Antelope Canyon, Arizona
The walls of Antelope Canyon can be recognized all over the world.
I saw a photo of this place during my first week into summer vacation. I assumed it was in another country and across the world. Once I read the caption of the image, I found that it was located in Arizona. I quickly researched and confirmed the location - it was in fact located in my neighboring state!
I decided to take a road trip the following week to see this canyon for myself. The drive from Los Angeles to Antelope Canyon was about 9 hours, not counting the stops in Las Vegas and Zion National Park. The route took me into Utah in order to arrive in the northernmost point of Arizona to a town called Page.
I have visited Antelope Canyon a few times since my first trip there. Antelope Canyon is best seen around noon since the sun is high making the light beam into the canyons. Lower Antelope Canyon is more interactive as you have to climb up and down stairs and sometimes squeeze through the canyon. Upper Antelope Canyon is flat and crowded, easier to get through since people are with their tour guides.

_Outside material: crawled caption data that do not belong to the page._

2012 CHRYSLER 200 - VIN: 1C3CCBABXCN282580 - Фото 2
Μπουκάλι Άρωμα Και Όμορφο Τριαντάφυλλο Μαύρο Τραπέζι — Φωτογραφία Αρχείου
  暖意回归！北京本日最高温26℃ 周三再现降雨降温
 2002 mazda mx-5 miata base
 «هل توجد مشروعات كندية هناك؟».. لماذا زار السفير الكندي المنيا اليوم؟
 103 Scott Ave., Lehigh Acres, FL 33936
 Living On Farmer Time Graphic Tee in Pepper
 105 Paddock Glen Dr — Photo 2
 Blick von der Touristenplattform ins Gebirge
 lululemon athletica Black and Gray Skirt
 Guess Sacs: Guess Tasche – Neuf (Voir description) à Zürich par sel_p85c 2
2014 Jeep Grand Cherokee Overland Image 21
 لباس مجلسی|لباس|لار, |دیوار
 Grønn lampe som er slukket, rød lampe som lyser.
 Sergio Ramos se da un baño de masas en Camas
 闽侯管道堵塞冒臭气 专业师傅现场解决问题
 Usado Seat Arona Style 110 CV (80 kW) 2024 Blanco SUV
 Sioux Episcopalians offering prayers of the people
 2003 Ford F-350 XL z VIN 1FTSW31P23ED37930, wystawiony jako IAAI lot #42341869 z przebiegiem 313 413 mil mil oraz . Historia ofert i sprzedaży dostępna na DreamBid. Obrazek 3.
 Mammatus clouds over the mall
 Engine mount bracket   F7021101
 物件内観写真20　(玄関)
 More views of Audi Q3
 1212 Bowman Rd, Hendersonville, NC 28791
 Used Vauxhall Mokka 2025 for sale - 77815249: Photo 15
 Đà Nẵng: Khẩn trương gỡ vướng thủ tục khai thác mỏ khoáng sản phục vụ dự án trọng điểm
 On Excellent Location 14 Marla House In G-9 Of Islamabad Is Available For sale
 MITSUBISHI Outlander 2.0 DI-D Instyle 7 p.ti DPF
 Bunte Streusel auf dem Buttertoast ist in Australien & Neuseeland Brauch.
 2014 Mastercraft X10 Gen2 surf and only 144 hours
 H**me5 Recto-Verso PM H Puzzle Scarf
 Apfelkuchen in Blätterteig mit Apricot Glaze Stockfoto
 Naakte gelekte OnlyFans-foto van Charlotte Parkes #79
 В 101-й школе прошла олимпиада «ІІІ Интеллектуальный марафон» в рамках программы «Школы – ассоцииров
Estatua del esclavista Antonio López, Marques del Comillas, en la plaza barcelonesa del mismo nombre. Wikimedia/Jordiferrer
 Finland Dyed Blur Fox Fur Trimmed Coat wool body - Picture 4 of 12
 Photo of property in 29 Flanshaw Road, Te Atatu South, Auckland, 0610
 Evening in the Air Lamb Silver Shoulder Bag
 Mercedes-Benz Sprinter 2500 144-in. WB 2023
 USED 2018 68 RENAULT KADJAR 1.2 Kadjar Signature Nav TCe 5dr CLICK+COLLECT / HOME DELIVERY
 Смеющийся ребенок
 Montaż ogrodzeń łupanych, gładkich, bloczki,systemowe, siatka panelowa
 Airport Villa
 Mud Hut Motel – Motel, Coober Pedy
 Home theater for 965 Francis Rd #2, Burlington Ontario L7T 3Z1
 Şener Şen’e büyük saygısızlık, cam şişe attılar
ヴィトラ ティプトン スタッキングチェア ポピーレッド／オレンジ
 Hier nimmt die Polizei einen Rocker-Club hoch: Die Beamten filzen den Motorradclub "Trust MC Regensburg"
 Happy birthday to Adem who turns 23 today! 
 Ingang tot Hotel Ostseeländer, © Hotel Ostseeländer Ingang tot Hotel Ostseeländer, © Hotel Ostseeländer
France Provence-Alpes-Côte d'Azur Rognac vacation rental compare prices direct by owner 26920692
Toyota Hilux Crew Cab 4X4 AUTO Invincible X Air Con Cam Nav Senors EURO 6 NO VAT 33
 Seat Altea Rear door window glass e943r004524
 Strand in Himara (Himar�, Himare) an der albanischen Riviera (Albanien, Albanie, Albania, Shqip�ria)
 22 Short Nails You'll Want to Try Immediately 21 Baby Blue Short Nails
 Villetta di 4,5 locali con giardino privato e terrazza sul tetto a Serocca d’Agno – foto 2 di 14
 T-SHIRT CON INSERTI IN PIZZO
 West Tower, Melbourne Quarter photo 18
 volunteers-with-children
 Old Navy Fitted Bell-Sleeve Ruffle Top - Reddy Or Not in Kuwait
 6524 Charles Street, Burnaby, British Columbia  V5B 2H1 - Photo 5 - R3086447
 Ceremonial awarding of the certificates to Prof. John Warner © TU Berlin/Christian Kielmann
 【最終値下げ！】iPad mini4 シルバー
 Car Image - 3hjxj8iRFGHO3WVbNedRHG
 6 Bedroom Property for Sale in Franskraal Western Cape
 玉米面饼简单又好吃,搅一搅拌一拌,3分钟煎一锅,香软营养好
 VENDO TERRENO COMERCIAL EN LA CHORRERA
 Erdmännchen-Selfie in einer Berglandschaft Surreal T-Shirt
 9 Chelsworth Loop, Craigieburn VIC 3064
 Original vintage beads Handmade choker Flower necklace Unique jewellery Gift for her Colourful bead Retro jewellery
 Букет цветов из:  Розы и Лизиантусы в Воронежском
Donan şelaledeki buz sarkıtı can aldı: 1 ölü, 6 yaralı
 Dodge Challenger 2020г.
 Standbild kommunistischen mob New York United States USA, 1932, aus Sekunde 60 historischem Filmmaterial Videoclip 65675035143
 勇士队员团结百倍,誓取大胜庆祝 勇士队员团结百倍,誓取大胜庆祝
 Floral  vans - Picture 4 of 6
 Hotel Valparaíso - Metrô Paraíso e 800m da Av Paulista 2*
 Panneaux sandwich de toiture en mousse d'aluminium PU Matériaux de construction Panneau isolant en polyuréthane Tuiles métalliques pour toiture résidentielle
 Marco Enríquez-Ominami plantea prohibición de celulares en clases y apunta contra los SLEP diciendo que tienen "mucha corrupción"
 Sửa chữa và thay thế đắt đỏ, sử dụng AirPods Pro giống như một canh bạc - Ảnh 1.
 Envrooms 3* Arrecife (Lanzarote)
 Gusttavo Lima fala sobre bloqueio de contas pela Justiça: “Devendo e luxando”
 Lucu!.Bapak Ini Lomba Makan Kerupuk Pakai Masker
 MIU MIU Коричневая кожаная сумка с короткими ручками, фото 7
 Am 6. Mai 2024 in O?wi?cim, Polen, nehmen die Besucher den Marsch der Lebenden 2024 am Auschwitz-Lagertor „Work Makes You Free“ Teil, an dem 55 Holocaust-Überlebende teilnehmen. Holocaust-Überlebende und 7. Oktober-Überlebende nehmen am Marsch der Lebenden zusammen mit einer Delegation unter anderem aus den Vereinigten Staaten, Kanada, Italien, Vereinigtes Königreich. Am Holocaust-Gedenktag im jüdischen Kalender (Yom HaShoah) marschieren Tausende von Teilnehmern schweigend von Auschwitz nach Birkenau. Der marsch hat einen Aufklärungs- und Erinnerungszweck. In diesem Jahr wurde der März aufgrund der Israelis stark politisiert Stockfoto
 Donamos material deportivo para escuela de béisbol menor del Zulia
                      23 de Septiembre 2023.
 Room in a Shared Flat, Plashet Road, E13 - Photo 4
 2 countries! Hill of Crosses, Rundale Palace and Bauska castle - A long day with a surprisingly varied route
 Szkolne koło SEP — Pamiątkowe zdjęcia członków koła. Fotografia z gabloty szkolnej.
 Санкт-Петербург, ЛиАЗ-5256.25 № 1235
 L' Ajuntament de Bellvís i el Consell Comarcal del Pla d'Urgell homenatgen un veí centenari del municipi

Both Lower and Upper Antelope Canyon are on Navajo land and visitors are required to pay an entrance fee. Upper Antelope Canyon requires a guided tour, which cost more midday. I believe the visit and fees are well worth the experience. You could see and feel the soft sediment on the walls, sometimes even moist after rainfall. The way the slot canyon is lit up and the colors play as the sun light shifts the shadows is nothing short of breathtaking.